Argentina rams ahead with imports rules: “it is understandable people are upset”

Tuesday, January 24th 2012 - 04:08 UTC
Full article 25 comments
Acting president Boudou minimized criticisms from main partner Brazil Acting president Boudou minimized criticisms from main partner Brazil

The Argentine government ratified it won’t postpone the new legislation on imports as requested by local business leaders and minimized the current conflict with Brazilian industrialists who have bitterly complained about the new restrictions.

“It’s understandable that people are upset” the Vice President and acting-President Amado Boudou said on Monday during a brief press conference while on a political rally in the province of Buenos Aires.

He added that “the alleged differences in the bilateral trade relationship (with Brazil) are less than 6% of the total volume of transactions between both countries”.

The new Argentine measures makes it mandatory to fill an imports sworn statement, (DJAI) to be managed by the tax revenue office AFIP, and comes effective next February first. Some Argentine manufacturers fear bureaucratic delays could threaten a fluid supply of industry inputs.

Boudou praised trade levels between Argentina and Brazil which have “tripled” in the last few years and are over 30 billion dollars annually. “Both Governments have put in place policies of harmonic growth, articulating trade”.

However the picture from the Brazilian side is not that optimistic, last week Foreign Trade and Industry minister Fernando Pimentel publicly said contrary to political relations, “trade relations with Argentina are a permanent problem”. However Brazil would wait until March for any retaliatory measures, if needed.

Last Thursday Argentine Industry Minister Debora Giorgi said that “the trade balance reality between Argentina and Brazil does not warrant Pimentel's complaints”, adding that Argentina represented 19.5% of Brazil’s trade surplus in 2011, equivalent to 5.8 billion dollars.

Brazil’s powerful Sao Paulo Federation of Industries, FIESP warned that the new DJAI system to be implemented by Argentina could have “an impact on 80% of Brazilian exports”.

FIESP president Paulo Skaf has requested an appointment with President Cristina Fernandez to express his organization’s “concerns” and to propose amicable solutions to the controversy.

Fernando Bessa, a member of FIESP board’s said that “Argentina can’t continue to isolate itself from the world because it’s not an island” and emphasized the only way to compete in the world is through imports as input for goods manufactured by the domestic industry.

The head of the Argentine Industrial Union, José de Mendiguren also showed concern about the new scheme and said he hoped the import of foreign goods “did not hinge on subjective decisions”.

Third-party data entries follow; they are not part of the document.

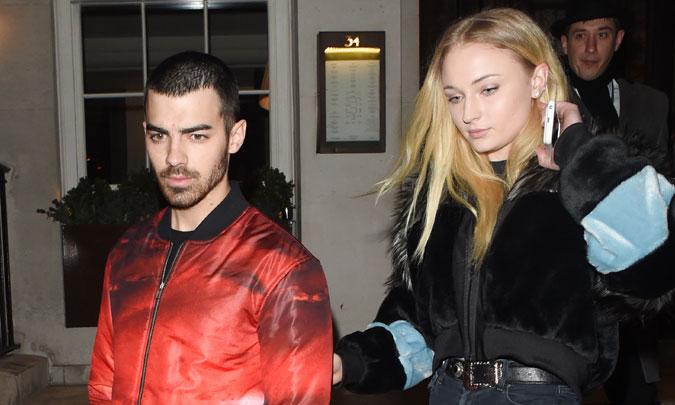 Sophie Turner celebra su cumpleaños cenando con Joe Jonas en Londres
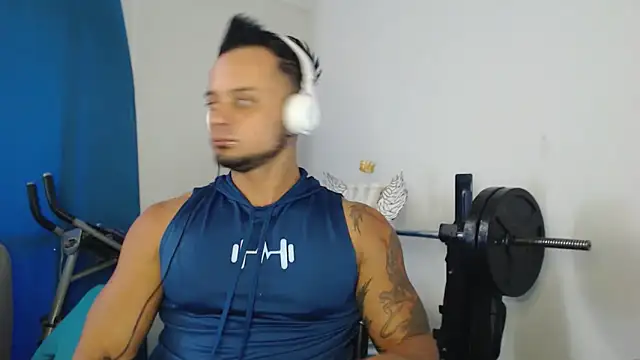 Snapshot of JacobJamess chatting on 11-25-25, 05:13 JacobJamess online show from 11-25-25, 05:13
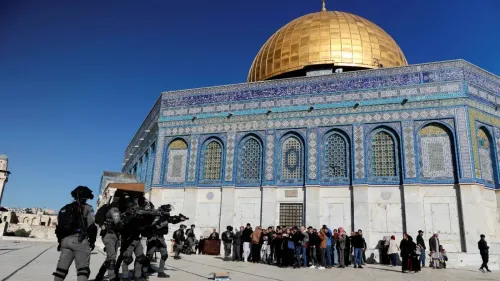 تظهر الصورة المسجد الأقصى مع وجود قوات أمنية إسرائيلية أمامه، حيث يتجمع المصلون في محيط الموقع، مما يعكس التوترات الحالية حول الوصاية الهاشمية.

“What concerns us the most, are predictability and transparency. We need to know why a shipment is accepted or rejected,” De Mendiguren said, who once again asked the Government not to leave the fate of imported goods “up to the mood swings of a Government official”.

The DJAI scheme is complementary of the non automatic import licences which Argentina began implementing in March 2011 and delayed import dispatches by 60 days and caused several clashes between the neighbouring countries and senior Mercosur members.
 

Categories: Economy, Politics, Argentina.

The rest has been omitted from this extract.